Data:
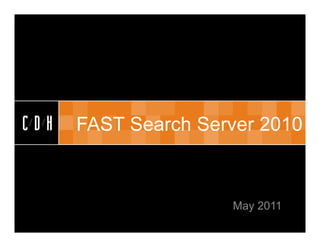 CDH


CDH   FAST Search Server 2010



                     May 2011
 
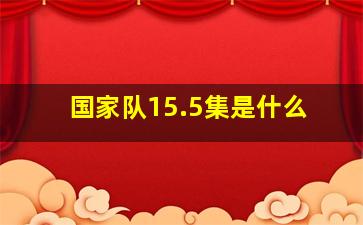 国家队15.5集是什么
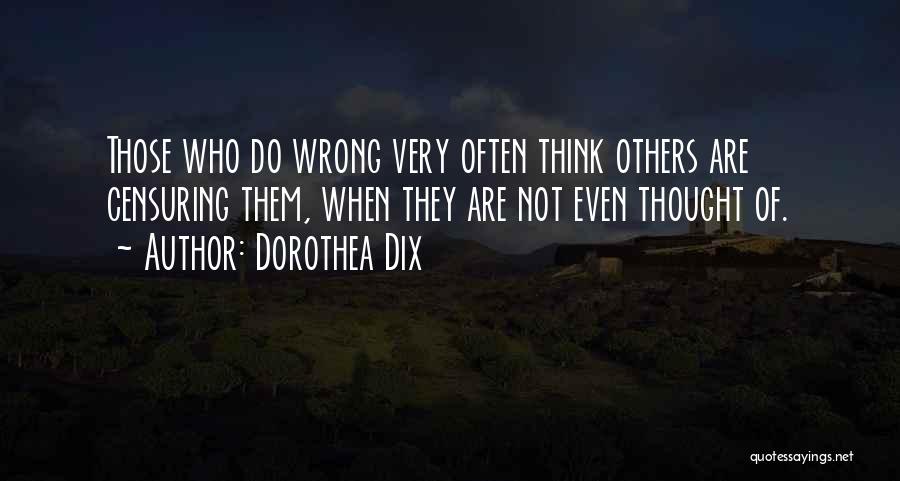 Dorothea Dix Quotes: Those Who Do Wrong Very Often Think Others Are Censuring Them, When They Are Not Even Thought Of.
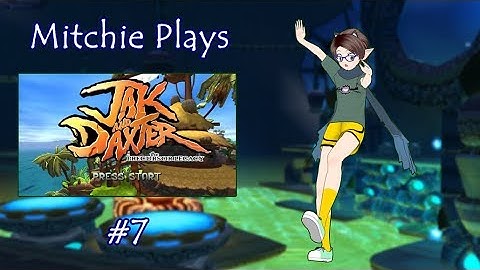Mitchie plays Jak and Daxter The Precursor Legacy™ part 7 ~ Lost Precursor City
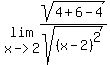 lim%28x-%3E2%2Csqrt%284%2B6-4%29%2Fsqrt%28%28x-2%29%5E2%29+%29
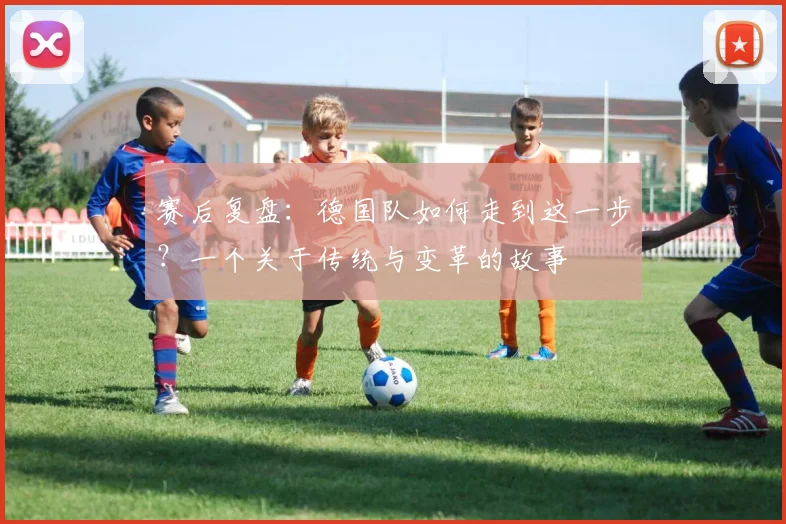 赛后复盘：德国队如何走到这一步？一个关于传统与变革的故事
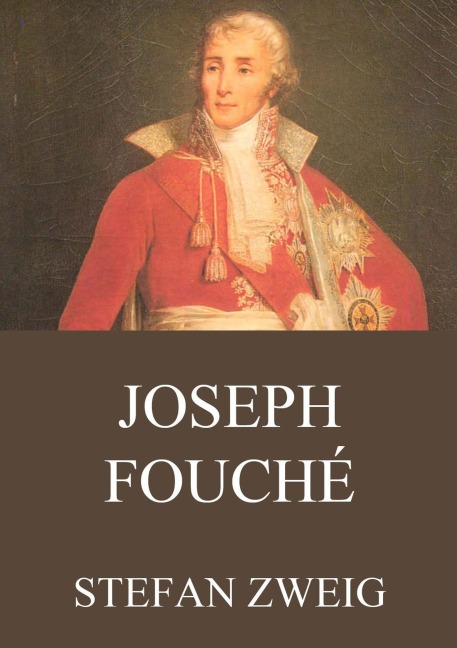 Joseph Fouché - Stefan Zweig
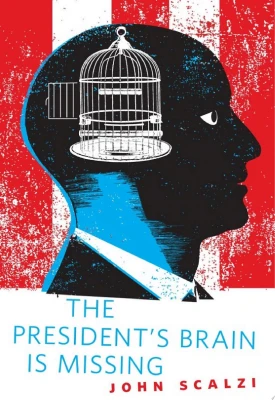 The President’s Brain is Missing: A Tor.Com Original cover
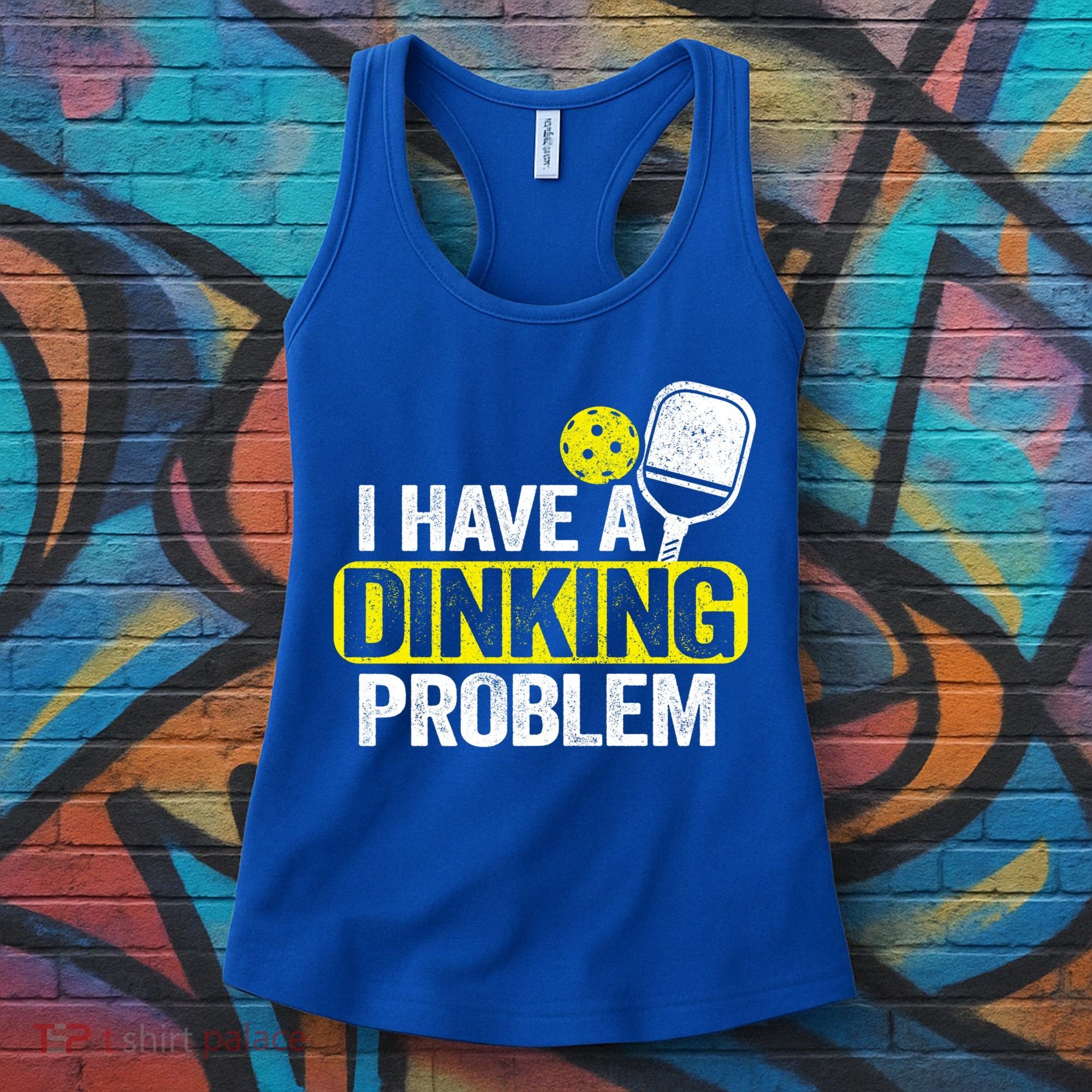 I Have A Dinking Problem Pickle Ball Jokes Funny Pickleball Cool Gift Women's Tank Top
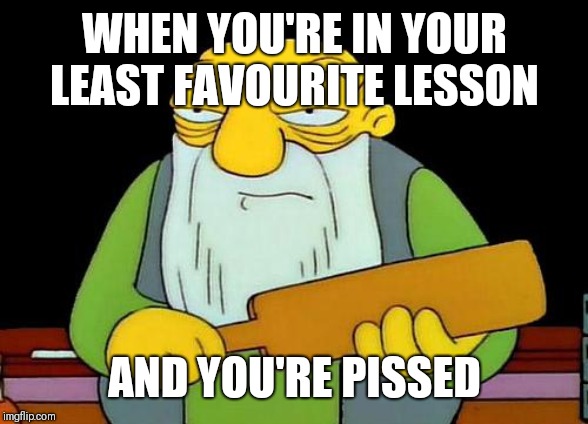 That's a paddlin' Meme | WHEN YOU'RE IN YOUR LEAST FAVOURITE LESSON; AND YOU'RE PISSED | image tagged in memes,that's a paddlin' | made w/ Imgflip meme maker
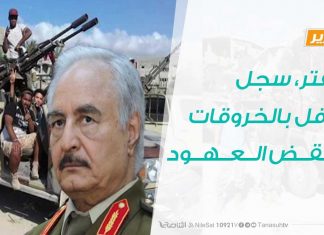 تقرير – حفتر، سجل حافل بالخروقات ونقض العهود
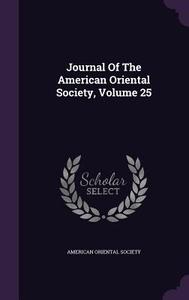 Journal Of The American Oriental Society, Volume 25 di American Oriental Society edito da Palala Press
--
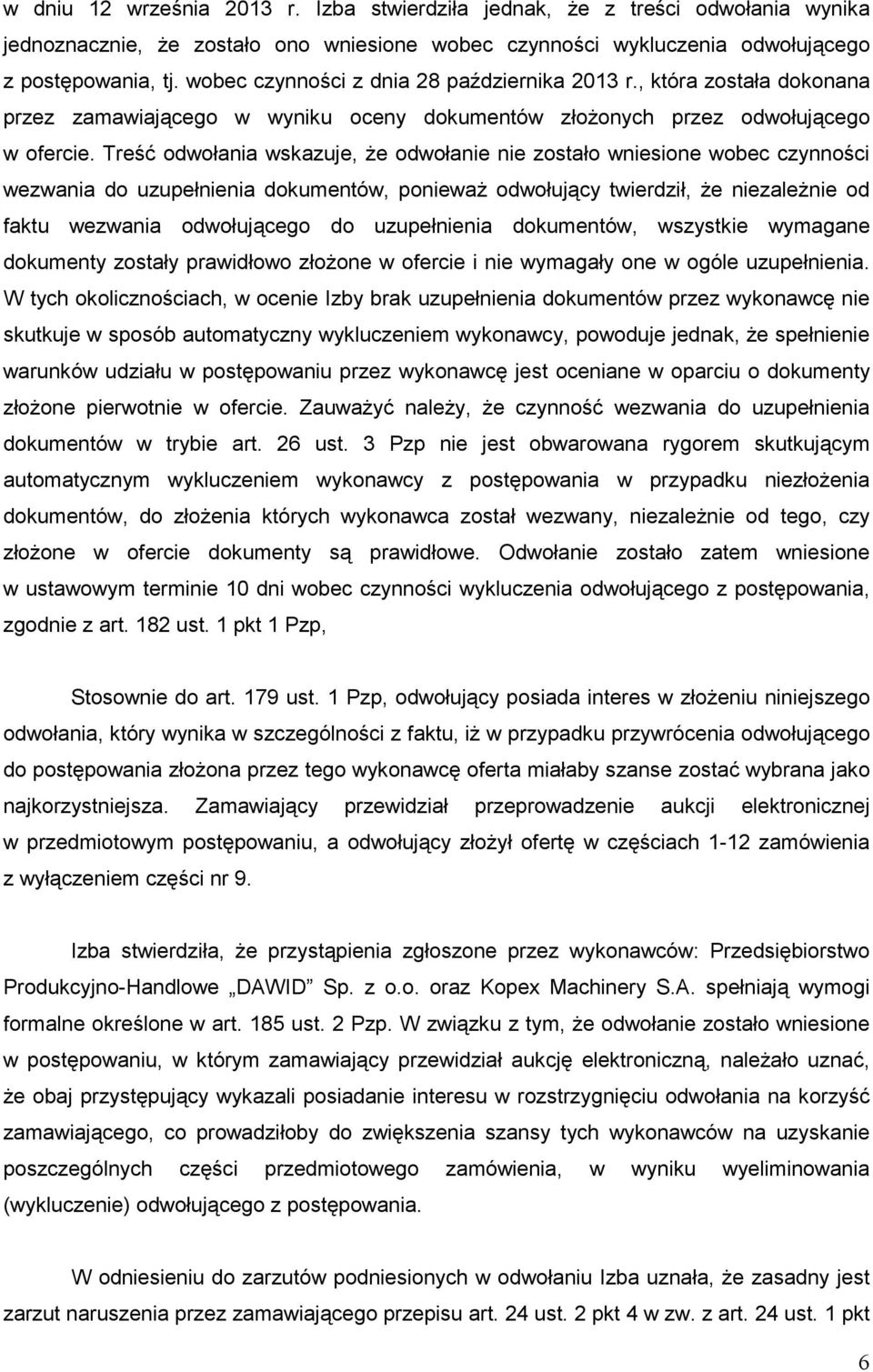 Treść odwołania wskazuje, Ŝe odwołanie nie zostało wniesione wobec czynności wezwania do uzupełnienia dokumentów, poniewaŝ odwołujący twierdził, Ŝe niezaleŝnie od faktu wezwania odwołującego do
...
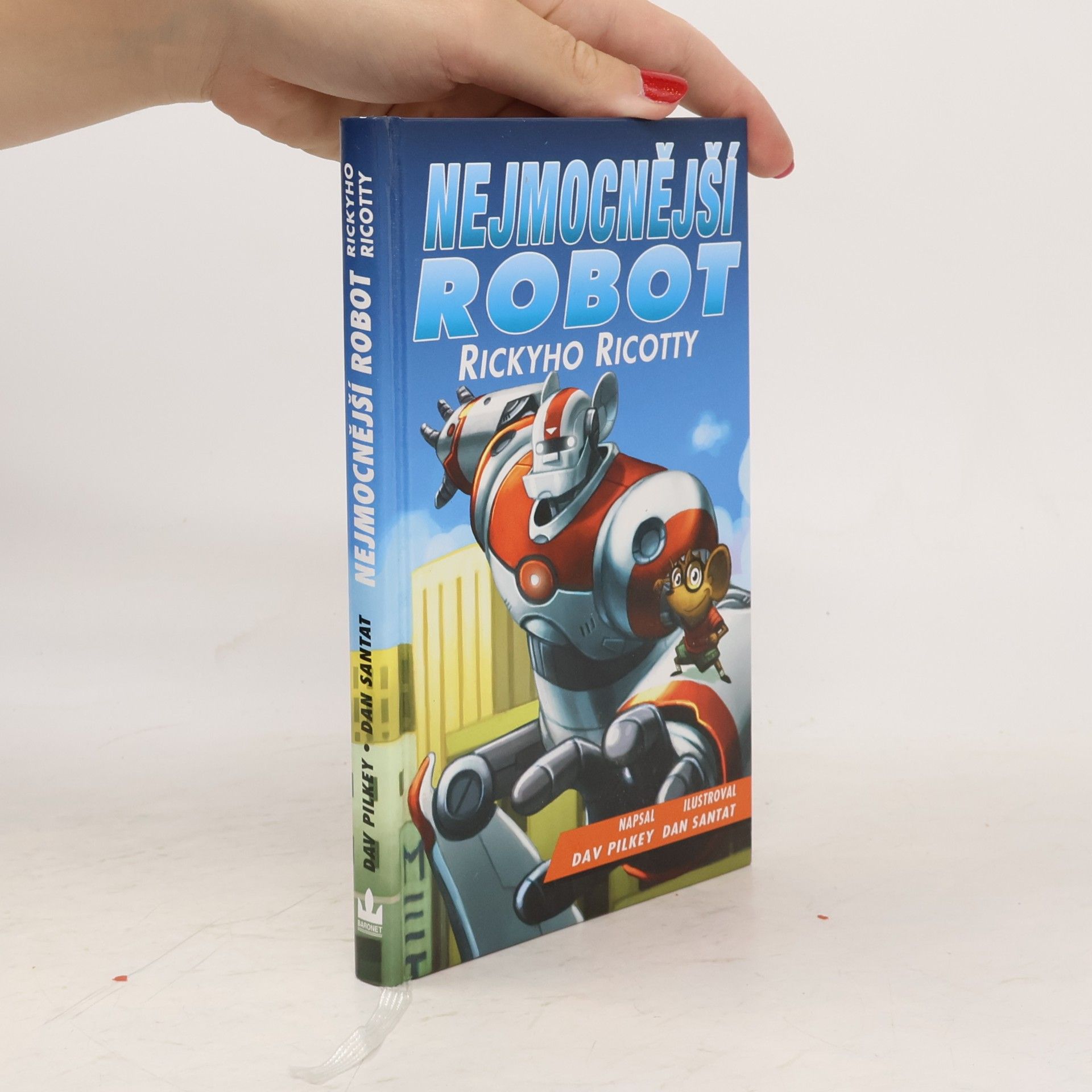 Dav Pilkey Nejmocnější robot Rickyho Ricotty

Problem to work on: Using the listing above, repeat word for word each line from the one with "lim%28x-%3E2%2Csqrt%284%2B6-4%29%2Fsqrt%28%28x-2%29%5E2%29+%29" down to the one with "Journal Of The", both included. Omit all pictures.

Completed exercise:
 lim%28x-%3E2%2Csqrt%284%2B6-4%29%2Fsqrt%28%28x-2%29%5E2%29+%29
 赛后复盘：德国队如何走到这一步？一个关于传统与变革的故事
 Joseph Fouché - Stefan Zweig
 The President’s Brain is Missing: A Tor.Com Original cover
 I Have A Dinking Problem Pickle Ball Jokes Funny Pickleball Cool Gift Women's Tank Top
 That's a paddlin' Meme | WHEN YOU'RE IN YOUR LEAST FAVOURITE LESSON; AND YOU'RE PISSED | image tagged in memes,that's a paddlin' | made w/ Imgflip meme maker
 تقرير – حفتر، سجل حافل بالخروقات ونقض العهود
 Journal Of The American Oriental Society, Volume 25 di American Oriental Society edito da Palala Press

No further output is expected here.